Espíritu lúdico
En Los pingüinos de Madagascar hay, obviamente como en toda secuela o -nuevo curro conceptualizado- spin-off, una espíritu recaudador: si estos personajes funcionaron, y muy bien antes, no hay por qué pensar que no seguirán funcionando. Que Hollywood -vaya novedad- es una industria, y el cine animado parece ser uno de sus principales nichos. Sin embargo en este estiramiento del universo Madagascar hay una cosa mucho más saludable que se explota, que no tiene que ver tanto con los personajes sino más bien con un espíritu juguetón y un humor vertiginoso que funcionó a la perfección en Madagascar 3. Si bien los resultados aquí no son tan contundentes, la película de Eric Darnell y Simon J. Smith avanza sin preocuparse demasiado por las enseñanzas y con la mira puesta en perfeccionar cada chiste que se les cruza.
El cine animado alumbrado a la sombra de Disney, hay sabido explotar dos vertientes posibles: el musical o la fábula aleccionadora. Pero desde su origen, Dreamworks se vio mucho más preocupada en utilizar la animación como un territorio fértil para la comedia, tal vez intentando recuperar lo que significaron los Looney tunes para la cultura popular norteamericana del Siglo XX. En primera instancia fue Shrek, pero su fórmula de humor pop y autoconciencia terminó agotándose rápido. Y tal vez impensadamente (si tenemos en cuenta lo floja que fue la primera parte), Madagascar sembró el terreno para que se dejaran de lado ciertos vicios repetitivos y se agudizara el sentido del humor salvaje. Los pingüinos de Madagascar es entonces un paso más en esa reconversión de Dreamworks como la casa de la animación cómica.
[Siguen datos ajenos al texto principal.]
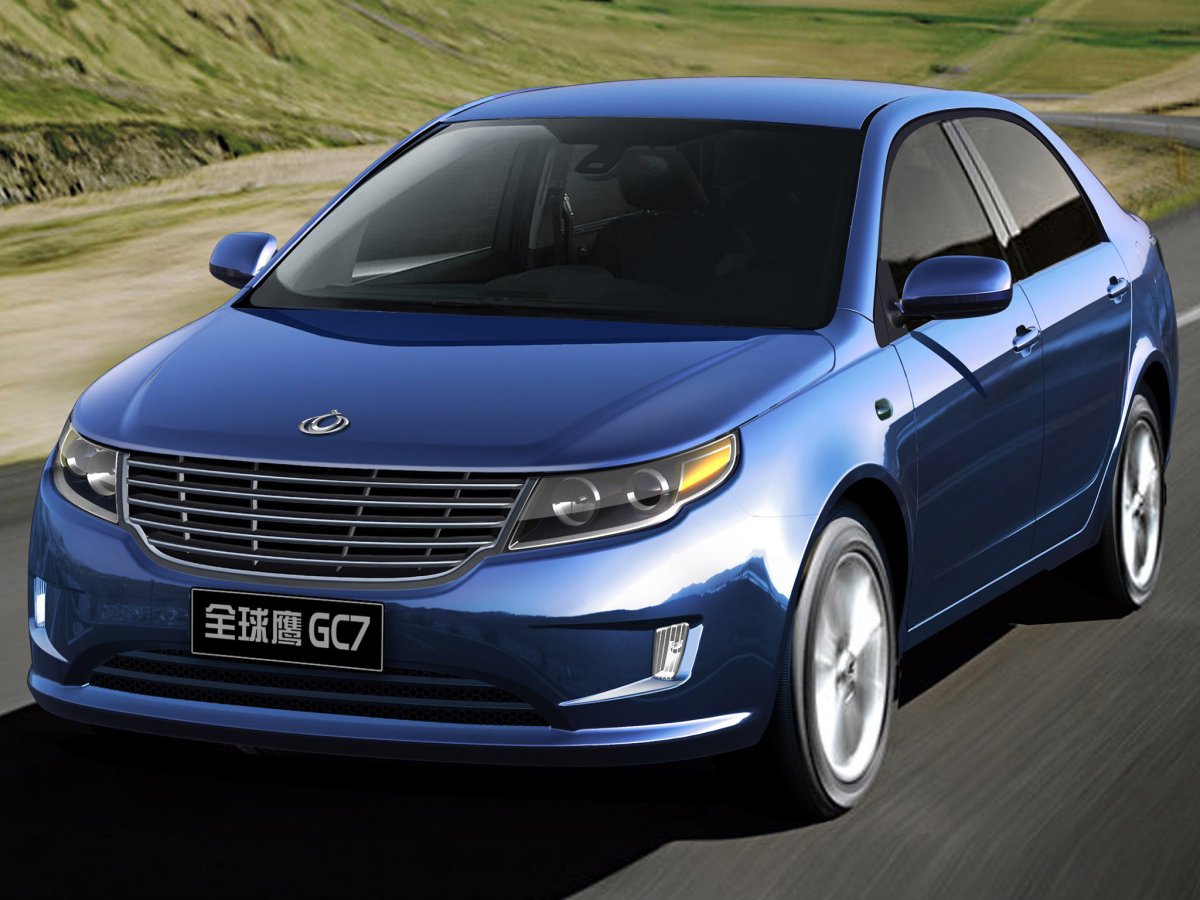 Geely Gleagle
Lo que hace la película es expandir el universo que, uno suponía, tenían esos personajes, relleno de la saga principal. Sumado esto a una serie animada que los tuvo como protagonistas, el film no hace más que explotar una de las vertientes más visitadas por el cine animado: la comedia de acción. Los pingüinos siempre se vieron envueltos en situaciones de un absurdo mayúsculo, potenciadas por una falta de discernimiento sobre la realidad que poseían Rico, Kowalski, Skipper y Cabo. Ellos creen (como aquel perro Bolt) que el universo que habitan es un espacio repleto de riesgos, una reescritura del cine de acción y espionaje. El film los mete, entonces, en el ritmo de una de aventuras.
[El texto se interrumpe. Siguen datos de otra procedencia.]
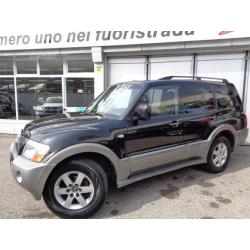 MITSUBISHI Pajero 3.2 16V DI-D 5p.  Intense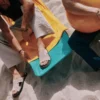 Ashin Slide sandal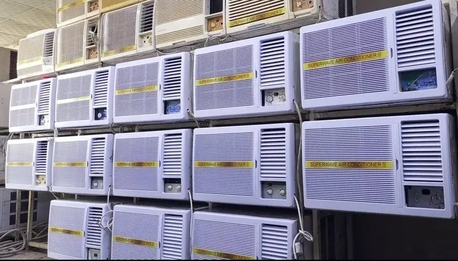 Jeddah, Air Conditioners, Used Window And Split Ac With Installation And One Month Warranty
Y tal vez eso sea lo peor de la película, ya que acota el espíritu anárquico de estos personajes a una historia con su evidente presentación de conflictos y resoluciones. Pero, claro, aquello que resulta incontrolable es muy difícil meterlo entre cuatro paredes: y ahí es donde el humor de estos personajes surge victorioso, atravesando incluso los problemas de una trama con evidentes baches narrativos. Hay mucho humor visual, pero también verbal: los chistes en Los pingüinos de Madagascar surcan la pantalla a la velocidad de un proyectil. Y, claro, como en toda película que arriesga, algunos disparos dan en el blanco y muchos otros no. Obviamente aquello que funciona lo hace, y muy bien (el prólogo donde se cargan a todas los documentales sobre vida animal, un plano secuencia que los lleva de avión en avión), y la película crece cuando menos se preocupa por un orden establecido y deja sueltas a esas criaturas delirantes.
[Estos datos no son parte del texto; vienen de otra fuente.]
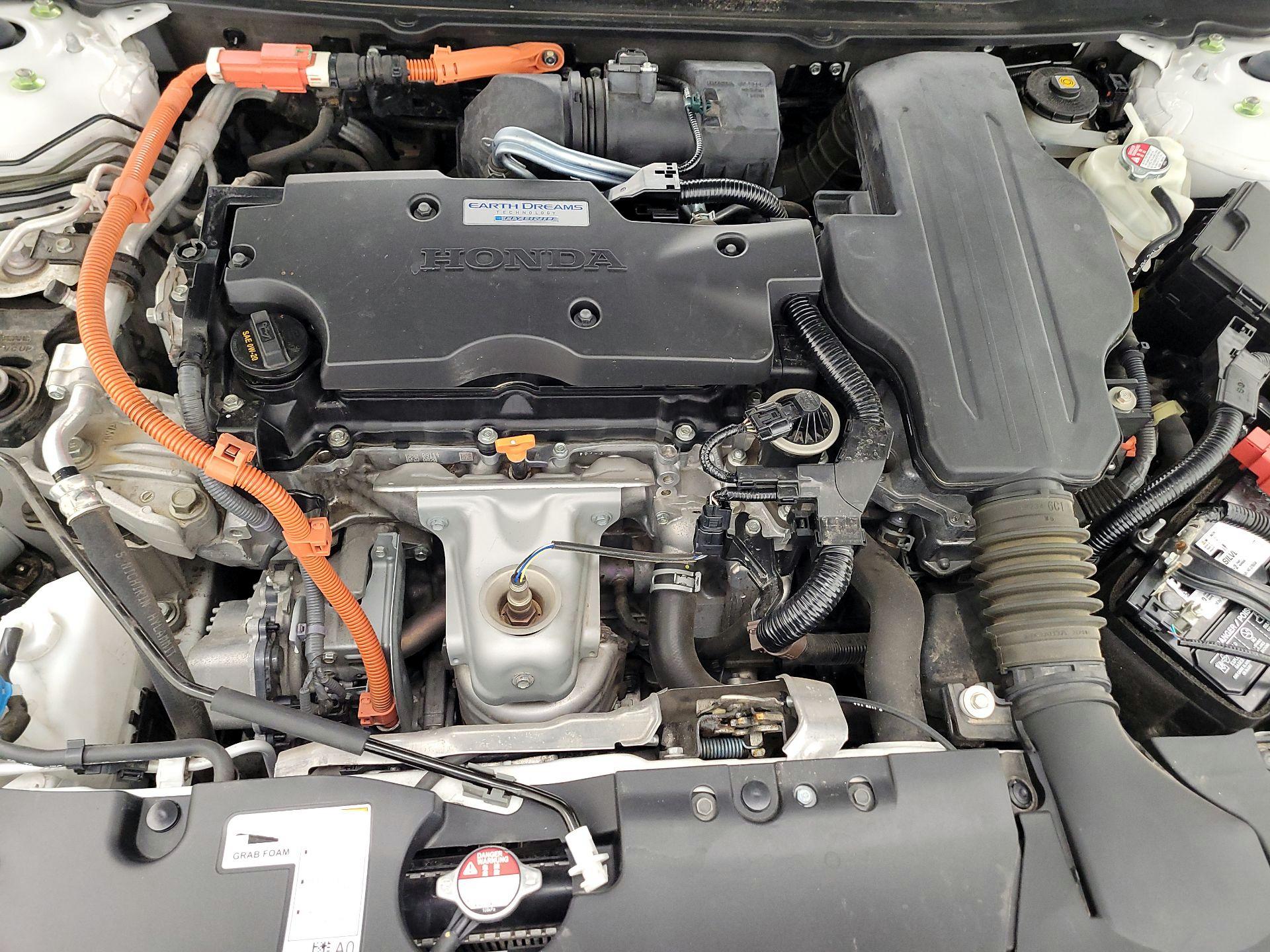 Thumbnail: 2021 Honda Accord - 17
Los pingüinos de Madagascar es una película muy divertida, que establece un piso más o menos alto para la experimentación humorística que está llevando adelante Dreamworks, y que tiene que ver con dejar de lado la sensiblería, aún pasándose por momentos de rosca con el cinismo. Si la película no funciona mucho mejor es por un vértigo excedido y porque se nota una falta de ambición general, que pone a esta película como un producto intermedio entre aquellos films de la casa que son pensados como grandes obras, como es el caso de Cómo entrenar a tu dragón 2.